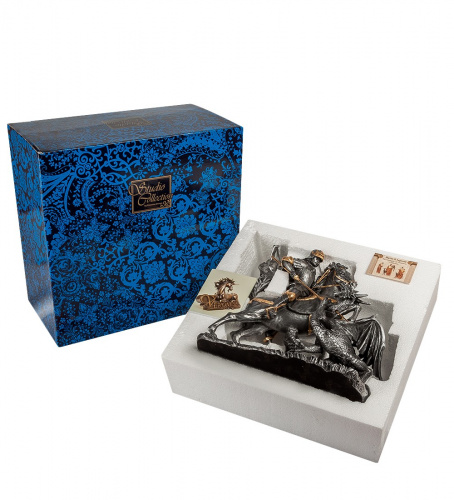 Статуэтка Veronese Св. Георгий - истребитель драконов WS-39 на VALLES.TOP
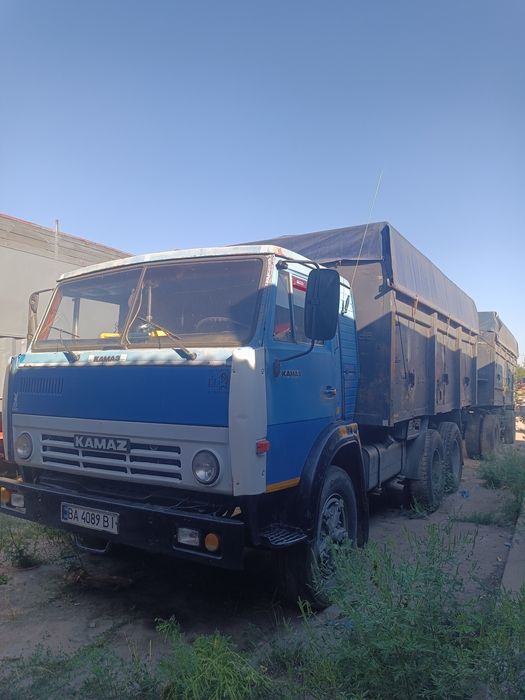Продам камаз в робочому стані з прицепом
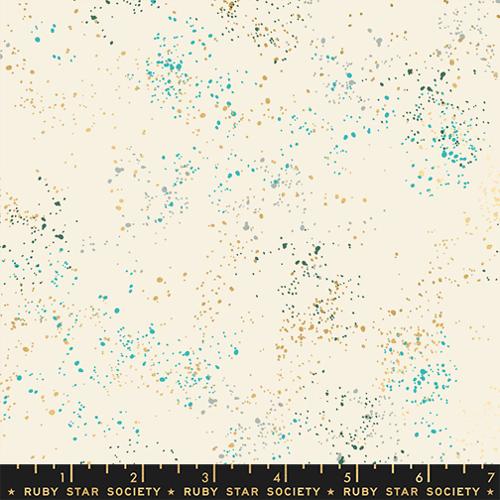 44"  - Moda -  "Ruby Star"  -  Speckled Metallic Shell-  100% Cotton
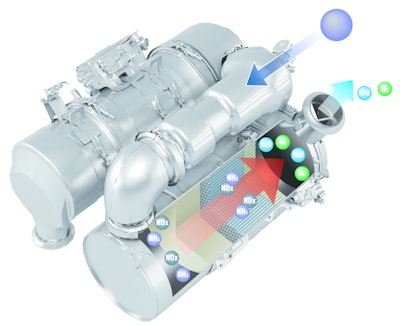 Komatsu Selective Catalytic Reduction Tier 4
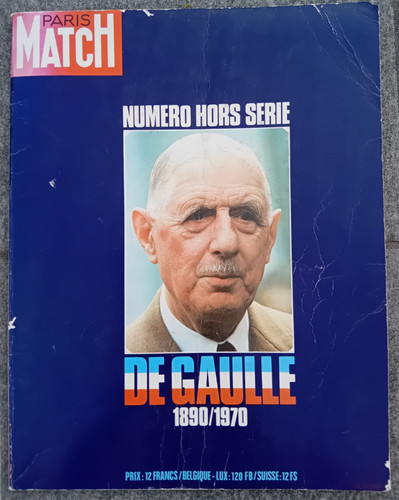 Paris match hors - paris, sÉrie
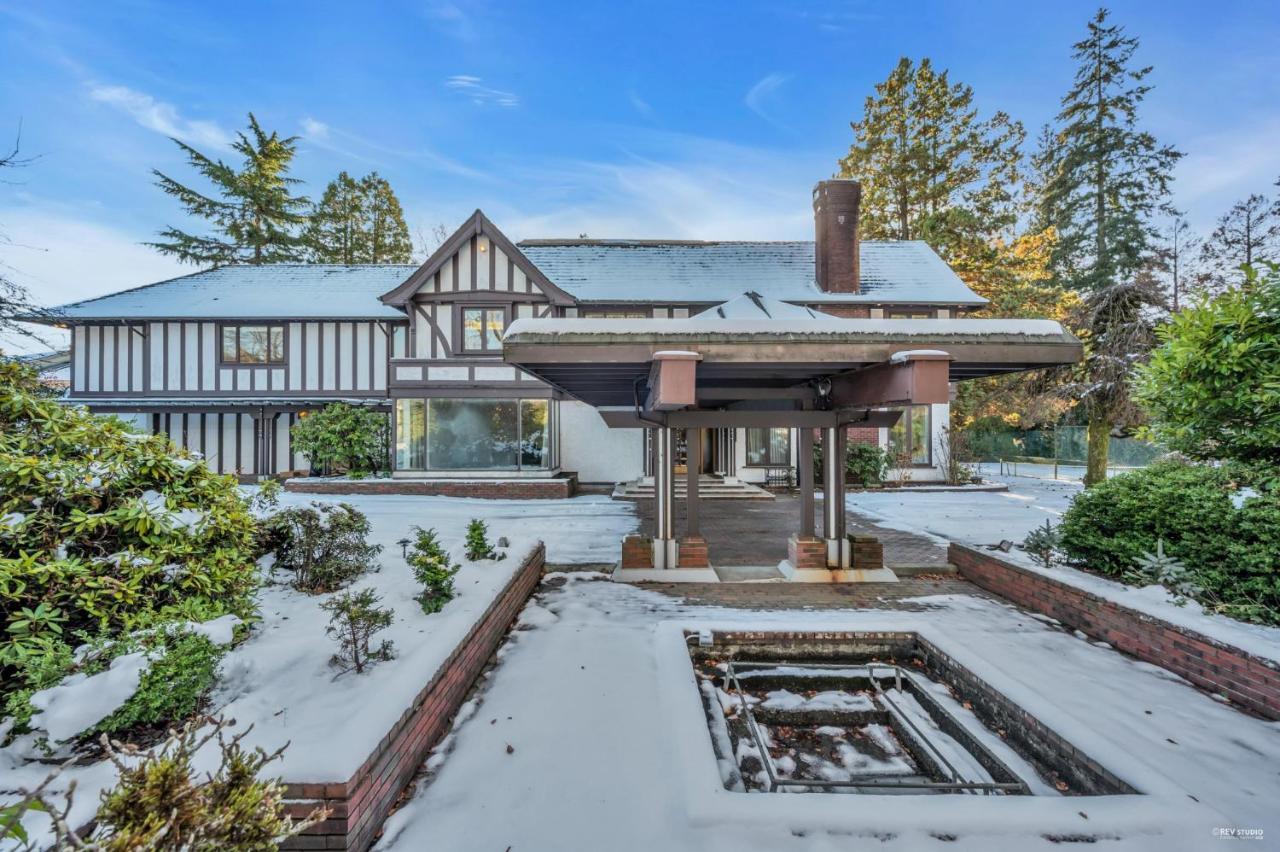 Historic Specious Home In Vancouver West Eksteriør billede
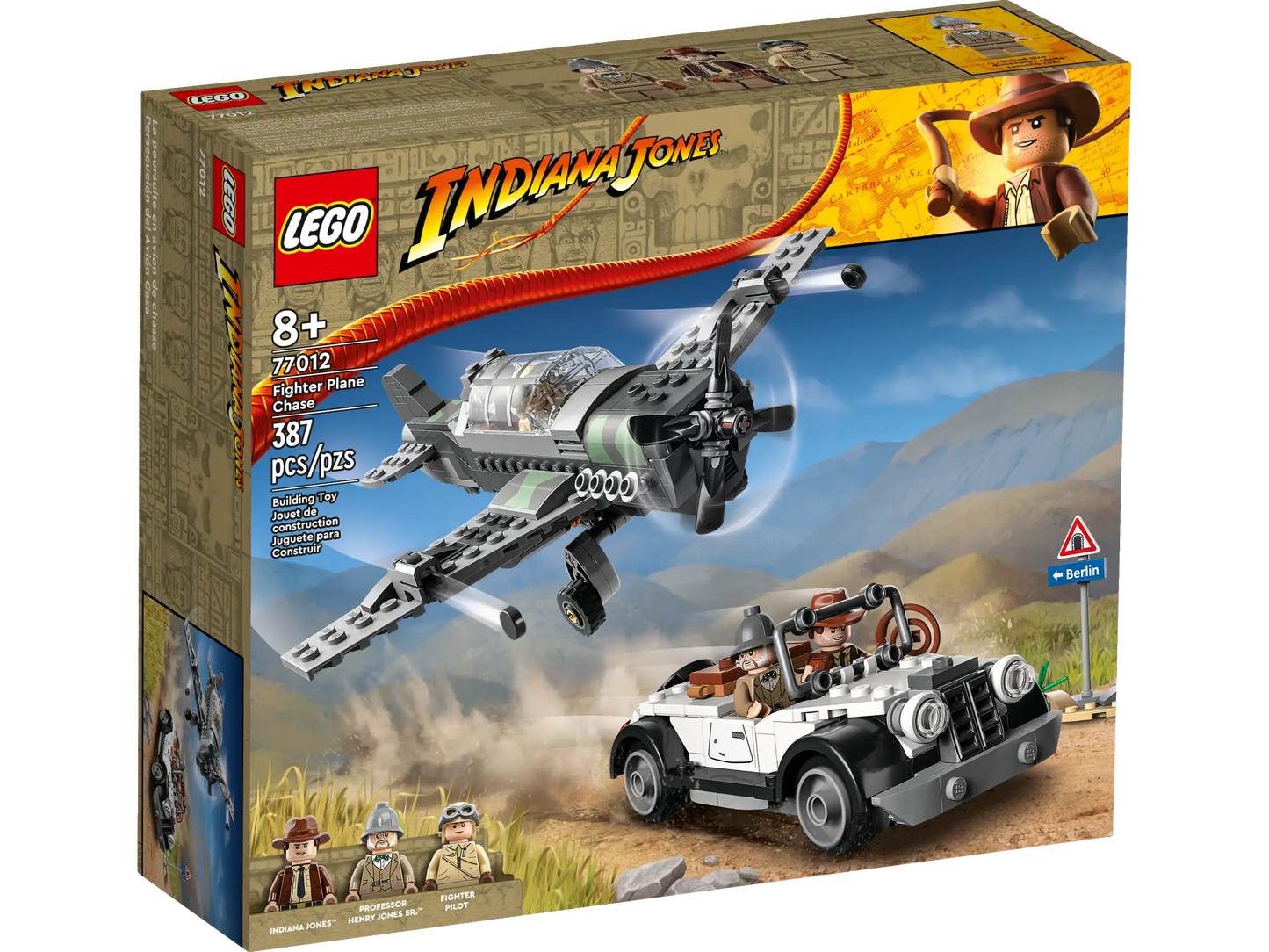 LEGO® Indiana Jones™ Fighter Plane Chase (77012)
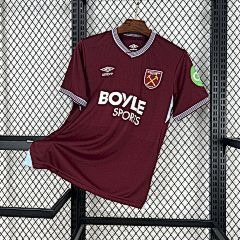 25-26  West Ham United Home Fans Jersey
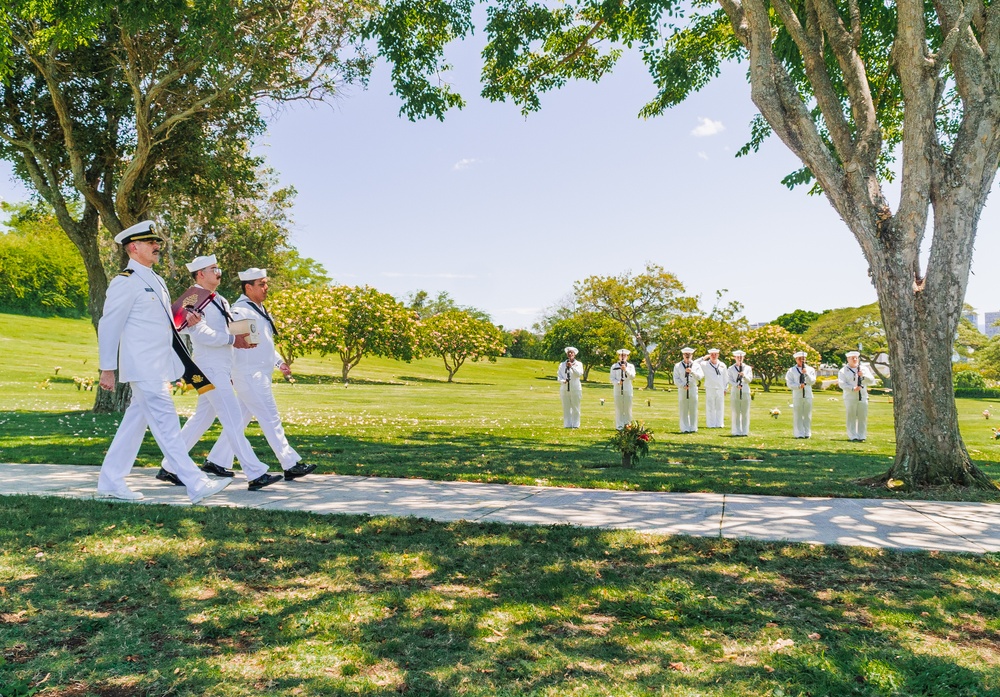 Interment Ceremony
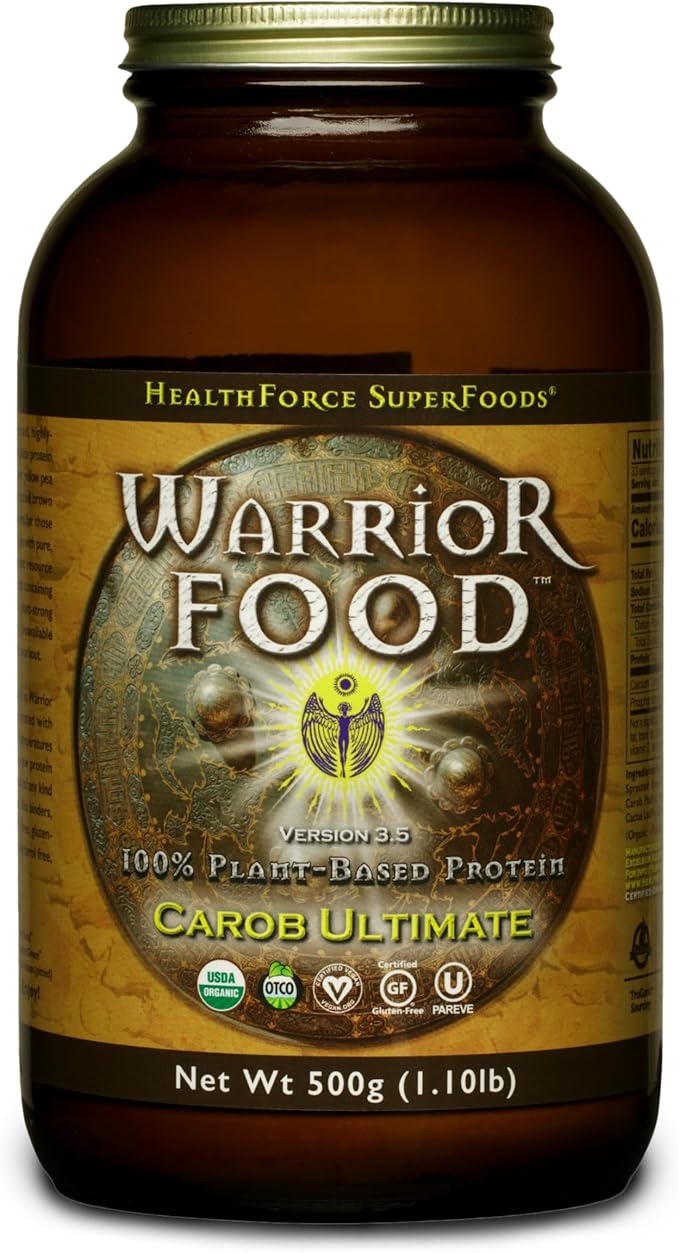 HEALTHFORCE SUPERFOODS Warrior Food Protien Powder 500 Grams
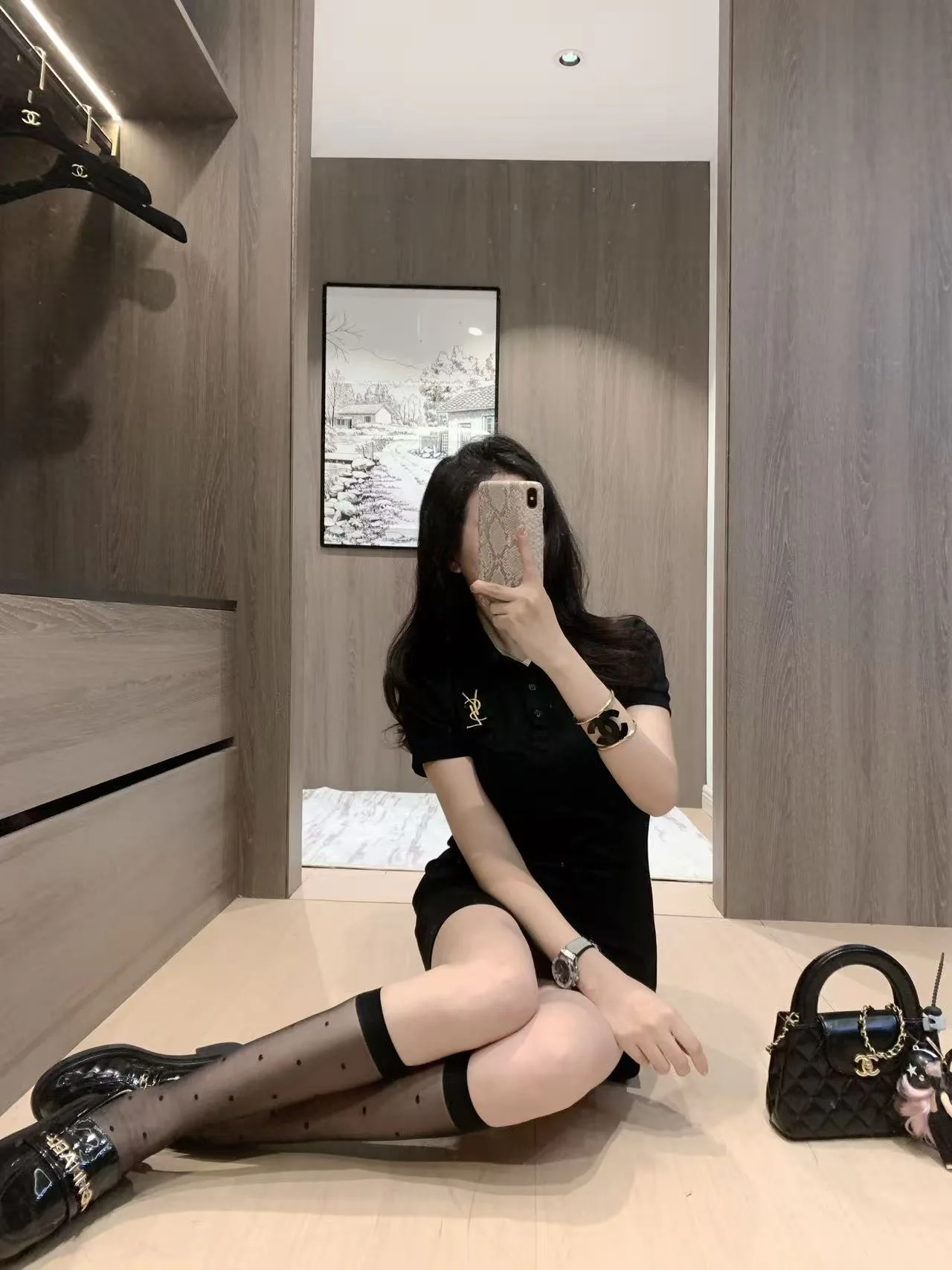 Платья Женские Saint Laurent 11147502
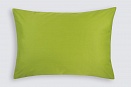 Наволочки из сатина Моноспейс Ecotex 2шт. 50*70 салатовый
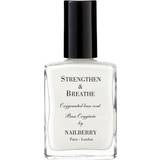 Nailberry Neglelakker & Removers Nailberry Strengthen & Breathe Oxygenated Base Coat 15ml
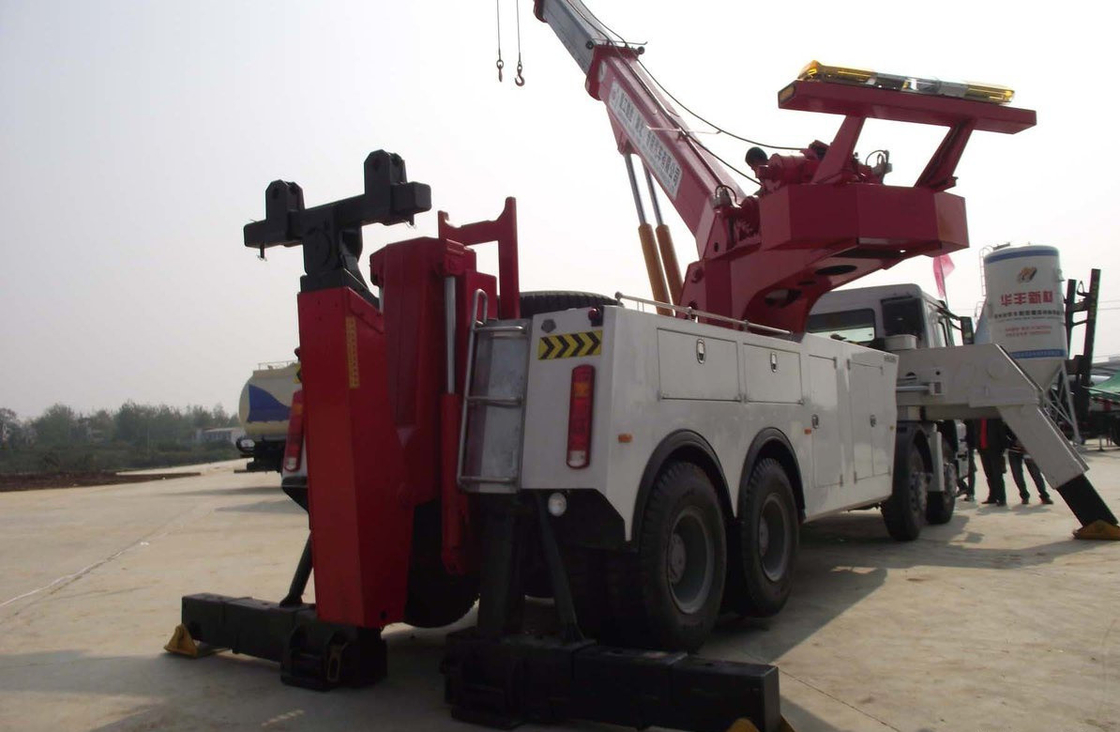 Caminhão de reboque Marca chinesa Sinotruck Howo 8*4 Caminhão de reboque 6-12 toneladas Euro 3 Emissão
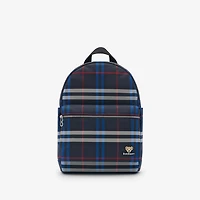 Check Backpack in Storm - Children | Burberry® Official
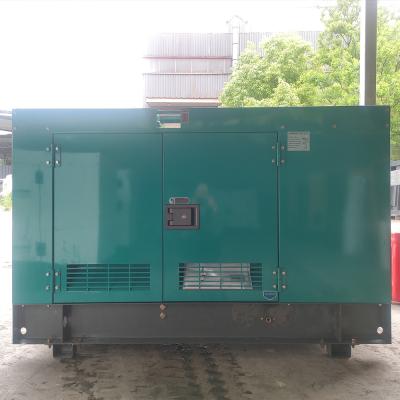 China generador silencioso diesel 110v 120v 220v de 23kw 29kva Baudouin 4M06G25 en venta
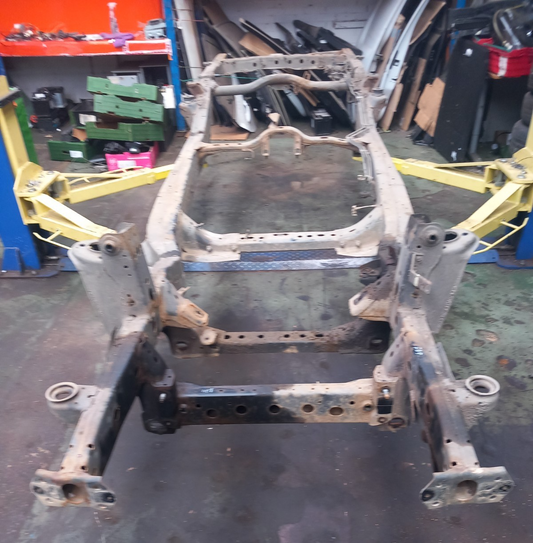 2017 Ford Ranger Wildtrak Vehicle Frame Warranty A401 - Image 1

:: EXERCISE ::
Every line from the one that holds "Check Backpack in" to the end of the listing should be output exactly, with pictures left out, please.

:: TASK SOLUTION ::
 Check Backpack in Storm - Children | Burberry® Official
 China generador silencioso diesel 110v 120v 220v de 23kw 29kva Baudouin 4M06G25 en venta
 2017 Ford Ranger Wildtrak Vehicle Frame Warranty A401 - Image 1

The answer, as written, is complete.